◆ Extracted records
-------------------------

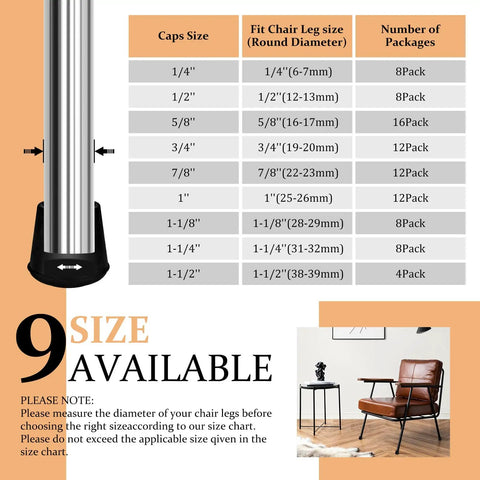 Kick Your Workstation Vibe Up With These Premium Round Rubber Chair Leg Tips And Heavy Duty Floor Guard Caps size chart showing 9 sizes available.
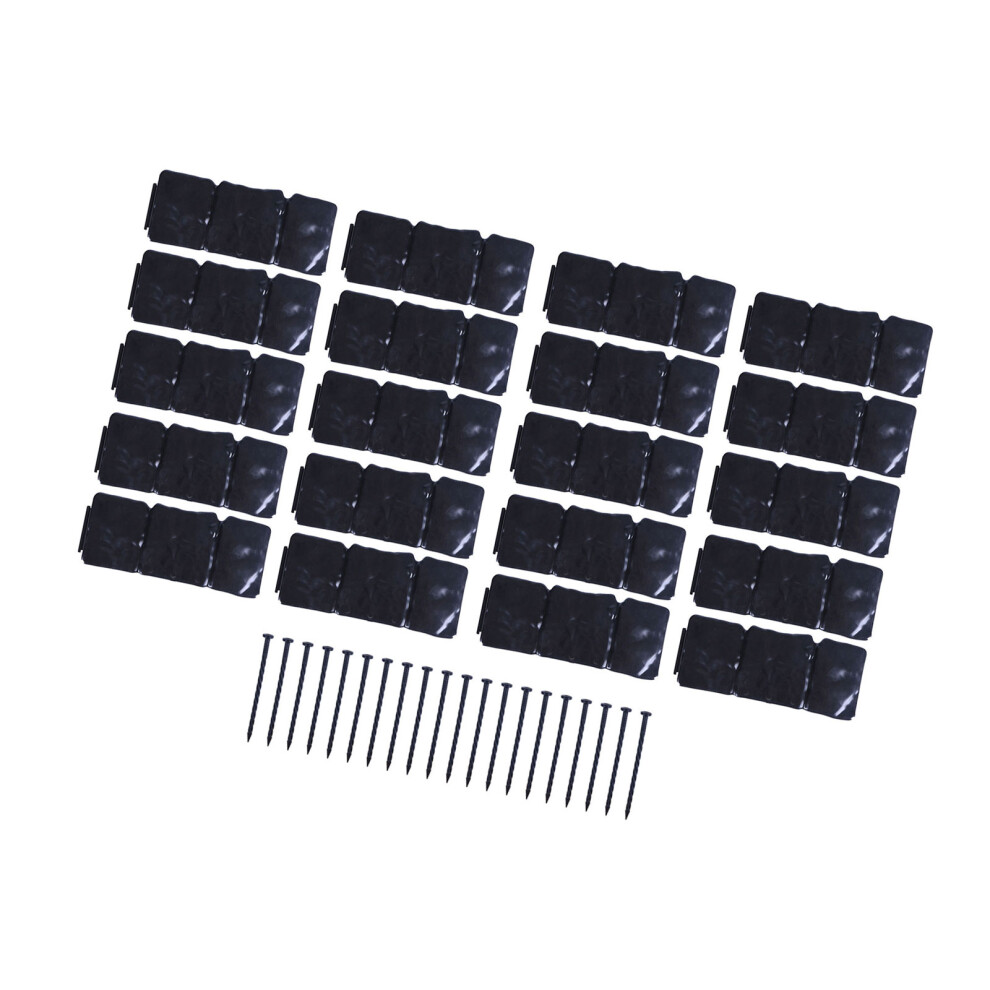 20Pcs Plastic Garden Retaining Fence Stone Look Border Panels Garden Edging Black 7755000574145
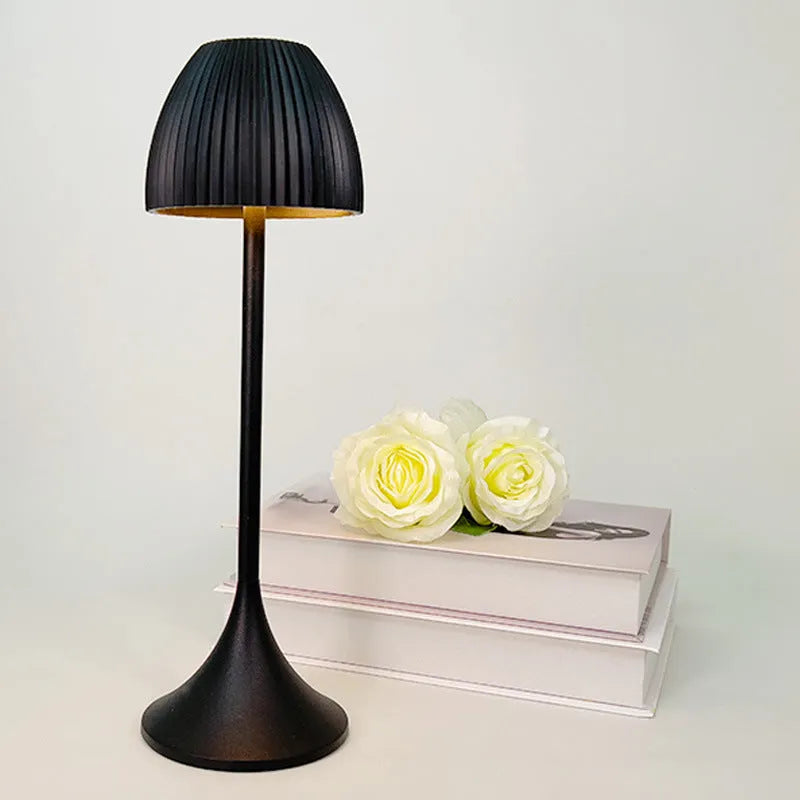 Modern dimmable USB rechargeable desk lamp with thin round base in black or white colour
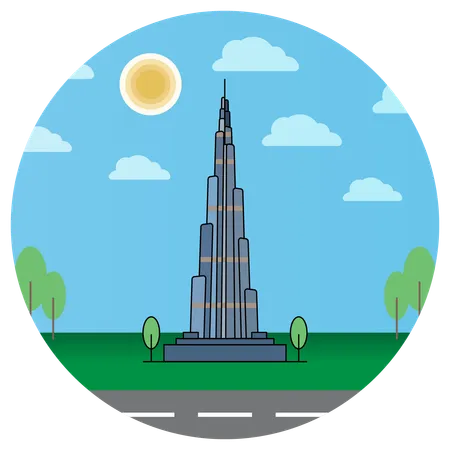 Tour Burj Khalifa Dubaï ÉMIRATS ARABES UNIS  Illustration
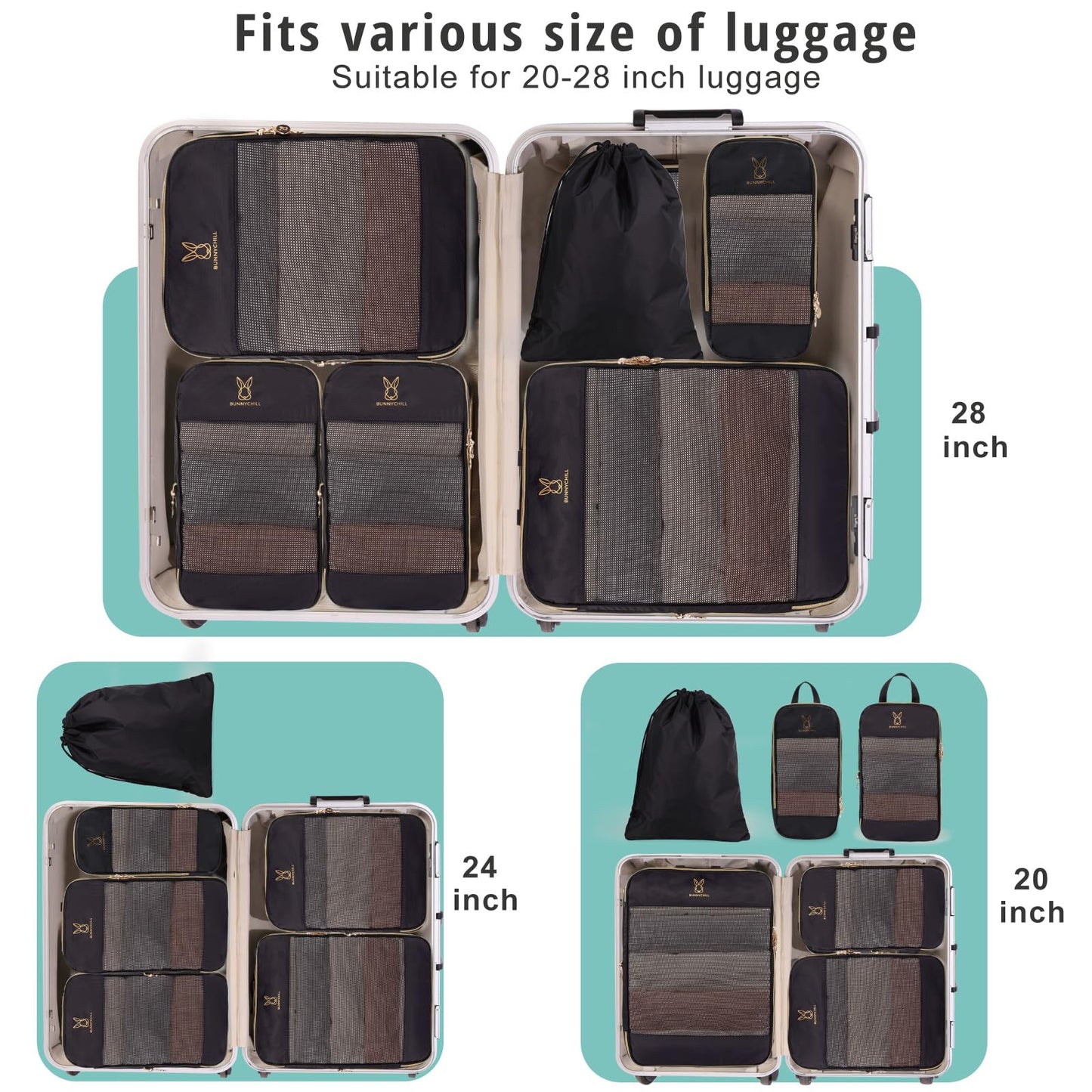 Expandable Compression Packing Cubes for Suitcases,6 Set Lightweight Compressible Travel Packing Organizer for Carry on Suitcase,Organizer Bags Set as Travel Essentials for Women Black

-------------------------

◆ Work item
Repeat each entry precisely as it appears. Leave the pictures out.

◆ Answer for the task
 Kick Your Workstation Vibe Up With These Premium Round Rubber Chair Leg Tips And Heavy Duty Floor Guard Caps size chart showing 9 sizes available.
 20Pcs Plastic Garden Retaining Fence Stone Look Border Panels Garden Edging Black 7755000574145
 Modern dimmable USB rechargeable desk lamp with thin round base in black or white colour
 Tour Burj Khalifa Dubaï ÉMIRATS ARABES UNIS  Illustration
 Expandable Compression Packing Cubes for Suitcases,6 Set Lightweight Compressible Travel Packing Organizer for Carry on Suitcase,Organizer Bags Set as Travel Essentials for Women Black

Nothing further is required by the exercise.